### RECORDS PROVIDED
━━━

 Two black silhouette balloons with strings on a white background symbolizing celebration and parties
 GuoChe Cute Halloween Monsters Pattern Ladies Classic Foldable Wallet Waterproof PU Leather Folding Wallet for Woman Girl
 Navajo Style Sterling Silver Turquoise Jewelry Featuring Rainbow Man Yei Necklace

━━━

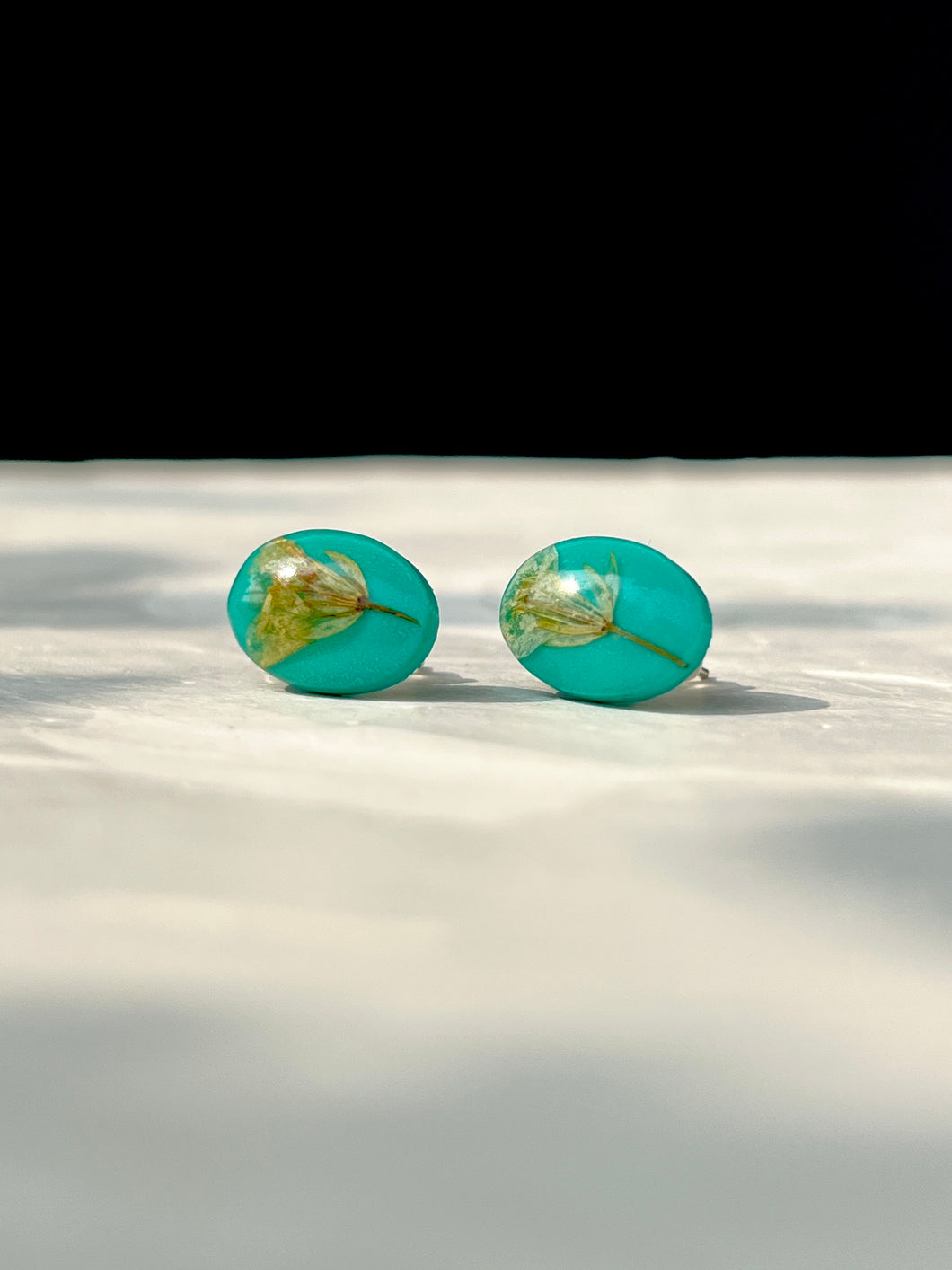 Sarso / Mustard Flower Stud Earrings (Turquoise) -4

━━━

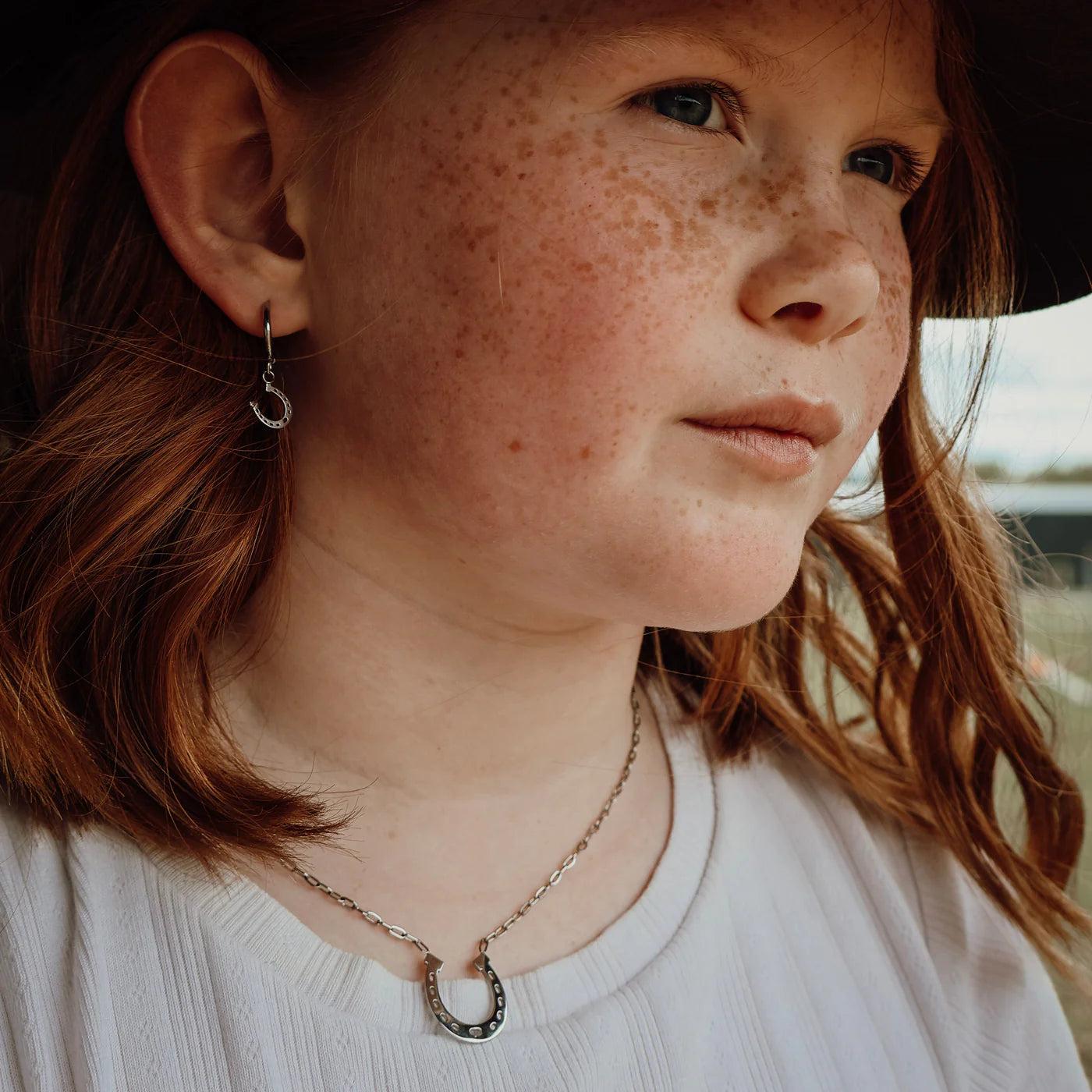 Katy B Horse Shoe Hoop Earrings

━━━

### DIRECTIONS
Of the entries above, repeat exactly the lines between the line with "Two black silhouette" and the line with "Navajo Style Sterling", inclusive, and no others.

### COMPLETED TASK
 Two black silhouette balloons with strings on a white background symbolizing celebration and parties
 GuoChe Cute Halloween Monsters Pattern Ladies Classic Foldable Wallet Waterproof PU Leather Folding Wallet for Woman Girl
 Navajo Style Sterling Silver Turquoise Jewelry Featuring Rainbow Man Yei Necklace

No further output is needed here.